Exercise details » Only the lines from the one containing "versace pour homme" to the end of the data should be copied, exactly and without pictures.

Data entries
━━━
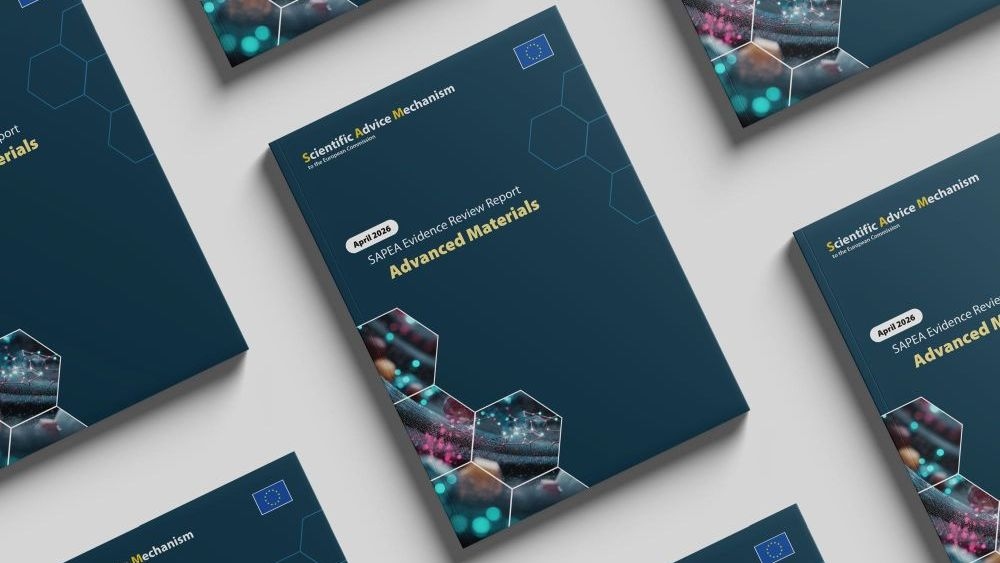 Materialforschung: Wie die EU diesen Innovationsmotor stärken kann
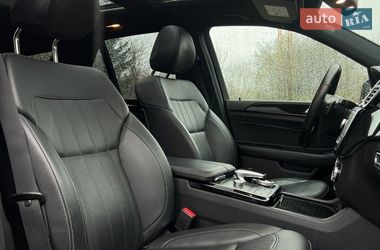 Внедорожник / Кроссовер Mercedes-Benz GLE-Class 2018 в Львове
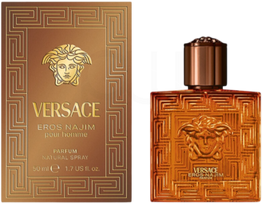 versace pour homme - Versace Eros Najim EDP 50ml - 3 nuotrauka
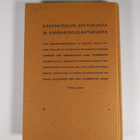 U. Somerkivi : Kansakoulun johtokunta ja kansakoululautak... - pikkukuva 2
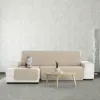 Sofa Cover Eysa NORUEGA White 100 x 110 x 200 cm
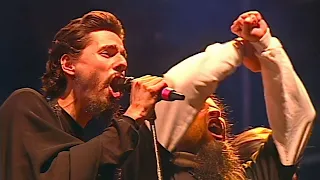 Quilapayún & Chancho en Piedra 2003 - La Muralla [VIDEO "HD" EN VIVO]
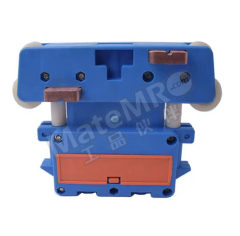 襄昱优工 集电器 JD4-100A 件 JD4-100A 起重控制室 PVC  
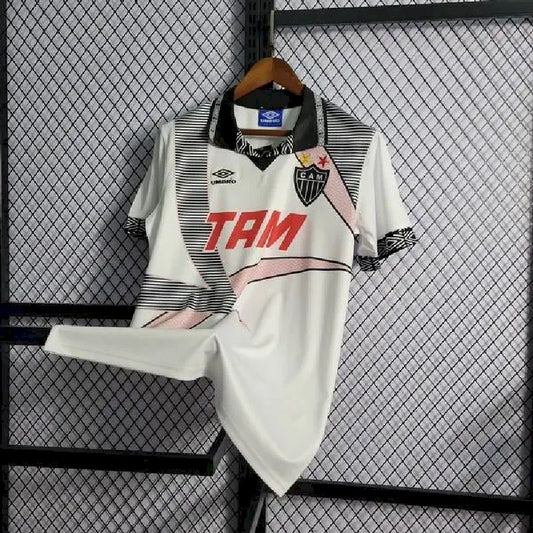 Camisa retrô do Atlético Mineiro 1996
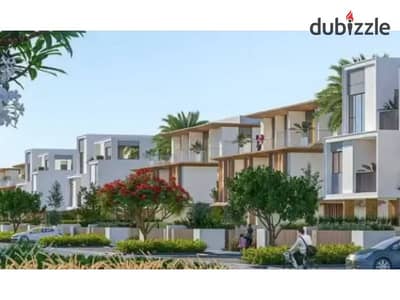 Ville for sale with installments Fully Finished in Cairo Gate, Emaar, El Sheikh Zayed . . . . . . . . . . . . . . . . . . . . . . . . . . . . . . . . . .
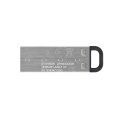 Kingston DataTraveler 512GB Kyson USB-Stick - 512 GB - USB Typ-A - 3.2 Gen 1 (3.1 Gen 1) - 200 MB/s - Ohne Deckel - Silber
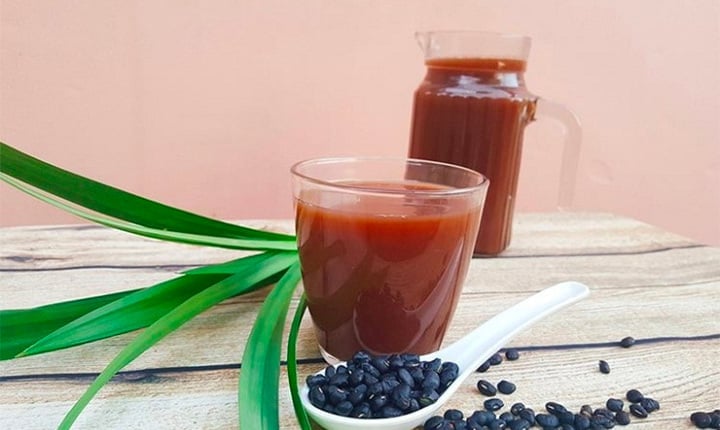 Uống nước đậu đen rang gừng mỗi ngày, điều gì sẽ xảy ra với cơ thể?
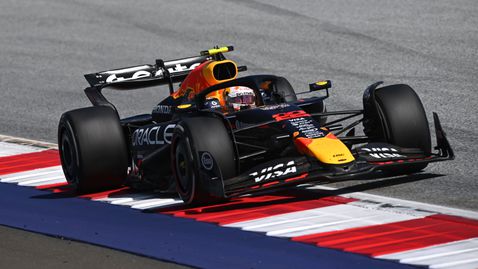  Ред Бул не възнамерява втора пилотска промяна през 2025 година 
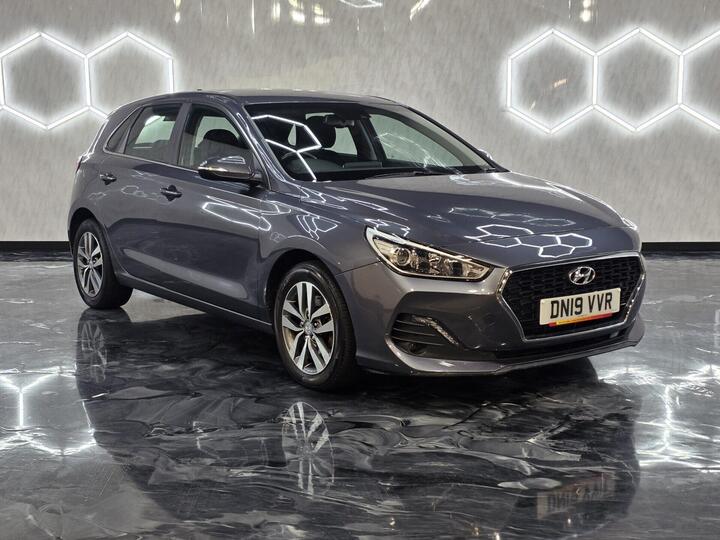 Hyundai I30 1.0 T-GDi SE Euro 6 (s/s) 5dr Hyundai I30 1.0 T-GDi SE Euro 6 (s/s) 5dr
━━━
Output for this exercise »
 versace pour homme - Versace Eros Najim EDP 50ml - 3 nuotrauka
 U. Somerkivi : Kansakoulun johtokunta ja kansakoululautak... - pikkukuva 2
 Sofa Cover Eysa NORUEGA White 100 x 110 x 200 cm
 Quilapayún & Chancho en Piedra 2003 - La Muralla [VIDEO "HD" EN VIVO]
 襄昱优工 集电器 JD4-100A 件 JD4-100A 起重控制室 PVC  
 Camisa retrô do Atlético Mineiro 1996
 Ville for sale with installments Fully Finished in Cairo Gate, Emaar, El Sheikh Zayed . . . . . . . . . . . . . . . . . . . . . . . . . . . . . . . . . .
 Kingston DataTraveler 512GB Kyson USB-Stick - 512 GB - USB Typ-A - 3.2 Gen 1 (3.1 Gen 1) - 200 MB/s - Ohne Deckel - Silber
 Uống nước đậu đen rang gừng mỗi ngày, điều gì sẽ xảy ra với cơ thể?
  Ред Бул не възнамерява втора пилотска промяна през 2025 година 
 Hyundai I30 1.0 T-GDi SE Euro 6 (s/s) 5dr Hyundai I30 1.0 T-GDi SE Euro 6 (s/s) 5dr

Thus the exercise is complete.